Dar Williams, the most popular of the group, has put out three albums over the past five years and toured with the Lilith Fair tour this past summer. She is one of the Top 50 grossing touring artists of the first part of 1998 and has a fervent audience, with fans sometimes traveling up to 400 miles to hear her play.

Lucy Kaplansky has sang vocals with such folk powerhouses as Shawn Colvin, Nanci Griffith, and Suzanne Vega. She also has two albums of her own, the latest, "Flesh and Bone" was described by the Associated Press as "easily one of the best albums of the year." Richard Shindell, no slouch himself, won the 1998 American Federation of Independent Music "Folk Album of the Year" award for his album "Reunion Hill."

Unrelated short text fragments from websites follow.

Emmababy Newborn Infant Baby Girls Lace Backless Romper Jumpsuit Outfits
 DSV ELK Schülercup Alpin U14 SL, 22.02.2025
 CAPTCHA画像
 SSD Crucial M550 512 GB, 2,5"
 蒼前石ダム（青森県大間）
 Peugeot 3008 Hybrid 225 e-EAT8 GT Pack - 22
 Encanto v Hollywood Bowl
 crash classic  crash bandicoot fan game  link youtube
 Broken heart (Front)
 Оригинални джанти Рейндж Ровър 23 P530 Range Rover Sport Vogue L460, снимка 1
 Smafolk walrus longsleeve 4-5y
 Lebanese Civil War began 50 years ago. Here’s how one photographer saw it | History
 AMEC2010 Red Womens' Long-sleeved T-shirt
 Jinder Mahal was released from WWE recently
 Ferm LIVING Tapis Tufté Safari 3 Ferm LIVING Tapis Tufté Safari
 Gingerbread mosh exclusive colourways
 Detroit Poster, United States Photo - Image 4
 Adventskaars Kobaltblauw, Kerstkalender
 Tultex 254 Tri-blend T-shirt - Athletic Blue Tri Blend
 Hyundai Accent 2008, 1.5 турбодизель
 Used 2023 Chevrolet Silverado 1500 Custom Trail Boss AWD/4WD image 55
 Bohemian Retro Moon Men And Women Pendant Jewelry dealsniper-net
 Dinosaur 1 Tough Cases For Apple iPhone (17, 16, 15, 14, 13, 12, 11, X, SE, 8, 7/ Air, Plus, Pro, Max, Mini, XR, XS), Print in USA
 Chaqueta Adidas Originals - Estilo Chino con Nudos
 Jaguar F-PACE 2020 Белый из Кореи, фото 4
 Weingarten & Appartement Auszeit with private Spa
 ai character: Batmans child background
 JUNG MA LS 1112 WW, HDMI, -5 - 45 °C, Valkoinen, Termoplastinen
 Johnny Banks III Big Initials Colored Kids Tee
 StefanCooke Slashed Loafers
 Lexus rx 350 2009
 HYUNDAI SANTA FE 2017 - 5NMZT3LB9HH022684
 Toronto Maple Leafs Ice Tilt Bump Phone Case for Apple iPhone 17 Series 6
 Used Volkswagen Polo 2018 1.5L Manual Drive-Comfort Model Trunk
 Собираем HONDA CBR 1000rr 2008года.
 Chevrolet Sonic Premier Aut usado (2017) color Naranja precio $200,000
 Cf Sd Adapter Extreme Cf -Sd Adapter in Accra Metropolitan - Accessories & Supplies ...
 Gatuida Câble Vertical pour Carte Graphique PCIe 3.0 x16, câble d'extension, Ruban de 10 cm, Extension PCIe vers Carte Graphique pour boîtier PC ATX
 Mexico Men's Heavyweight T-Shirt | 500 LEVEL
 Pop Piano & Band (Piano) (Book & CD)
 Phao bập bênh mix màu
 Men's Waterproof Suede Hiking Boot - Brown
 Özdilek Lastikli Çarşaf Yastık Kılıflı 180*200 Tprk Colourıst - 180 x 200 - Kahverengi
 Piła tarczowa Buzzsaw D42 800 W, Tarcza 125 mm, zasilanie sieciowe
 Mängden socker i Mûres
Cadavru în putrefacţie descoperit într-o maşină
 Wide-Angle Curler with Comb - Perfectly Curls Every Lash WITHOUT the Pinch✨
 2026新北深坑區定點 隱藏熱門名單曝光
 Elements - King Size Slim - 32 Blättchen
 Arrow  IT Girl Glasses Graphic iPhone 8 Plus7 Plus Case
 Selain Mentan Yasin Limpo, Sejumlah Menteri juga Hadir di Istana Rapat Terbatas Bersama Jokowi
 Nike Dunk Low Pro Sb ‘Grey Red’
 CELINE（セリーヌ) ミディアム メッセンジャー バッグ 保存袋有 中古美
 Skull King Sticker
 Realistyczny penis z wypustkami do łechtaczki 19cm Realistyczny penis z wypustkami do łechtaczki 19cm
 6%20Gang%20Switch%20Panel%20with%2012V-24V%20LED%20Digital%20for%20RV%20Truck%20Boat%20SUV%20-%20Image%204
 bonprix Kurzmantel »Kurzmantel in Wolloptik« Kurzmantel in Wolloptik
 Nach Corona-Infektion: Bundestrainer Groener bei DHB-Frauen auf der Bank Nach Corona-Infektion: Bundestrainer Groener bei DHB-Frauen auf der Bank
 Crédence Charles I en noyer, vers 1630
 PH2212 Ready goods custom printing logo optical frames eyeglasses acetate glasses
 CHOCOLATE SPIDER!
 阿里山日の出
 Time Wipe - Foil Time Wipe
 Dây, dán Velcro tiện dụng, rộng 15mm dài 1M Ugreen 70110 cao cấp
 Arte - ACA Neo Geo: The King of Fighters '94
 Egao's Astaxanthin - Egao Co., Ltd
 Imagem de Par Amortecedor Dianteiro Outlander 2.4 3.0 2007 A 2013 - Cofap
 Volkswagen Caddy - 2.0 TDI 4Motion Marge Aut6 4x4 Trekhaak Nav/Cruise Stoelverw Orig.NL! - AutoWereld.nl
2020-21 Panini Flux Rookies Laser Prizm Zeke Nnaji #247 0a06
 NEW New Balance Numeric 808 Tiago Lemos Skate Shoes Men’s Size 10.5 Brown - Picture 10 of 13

The reason for the name Cry Cry Cry is being kept under a hush-hush type of situation, but no one is crying over this partnership. The band formed when Williams and Shindell toured together last year. They discovered that they loved playing other peoples songs together. They called up their old friend Kaplansky who just finished her own tour and agreed to start their own band. They wanted to record what Williams called "an album that would cover the back roads of the United States and Canada, with material by artists who had been influenced by everything from traditional folk music to post-modern literature." And thus, Cry Cry Cry was born.

This self-titled album is comprised of songs by other people, some very famous and some very obscure. The first song on the album is an REM tune called "Fall on Me," which the members of Cry Cry Cry decided to do because they wanted to pay tribute to one of their favorite folk bands. Other semi-famous musicians covered on this album are Ron Sexsmith, Robert Earl Keen, and Nerissa Nields. The Sexsmith song "Speaking with the Angel" is probably the best song on the album. The way the three voices twirl around Ron's beautiful lyrics and Shindell's guitar playing is simply a joy to hear. Robert Earl Keen's song "Shades of Grey" is as Robert said "the best cover anybody has ever done of a song of mine." It was Dar's decision to do Nield's "I Know What Kind of Love This Is," calling this song "one of the inspirations for the album."

Undoubtedly, the most obscure song on the album is by a simple homemaker and part-time performer from Pittsburgh name Leslie Smith. Cry Cry Cry's version of her song "Northern Cross" is an a cappella version which sounds as lonely as the song's lyrics describe.

The band is currently one an American tour, which comes to our area for a First Night concert New Years Eve in Oakland, New Jersey and on January 17 at Town Hall in New York City. Not surprisingly, most of their shows have been sold-out, so if you would like to see one of the best bands in America today, go for it. You will not be disappointed.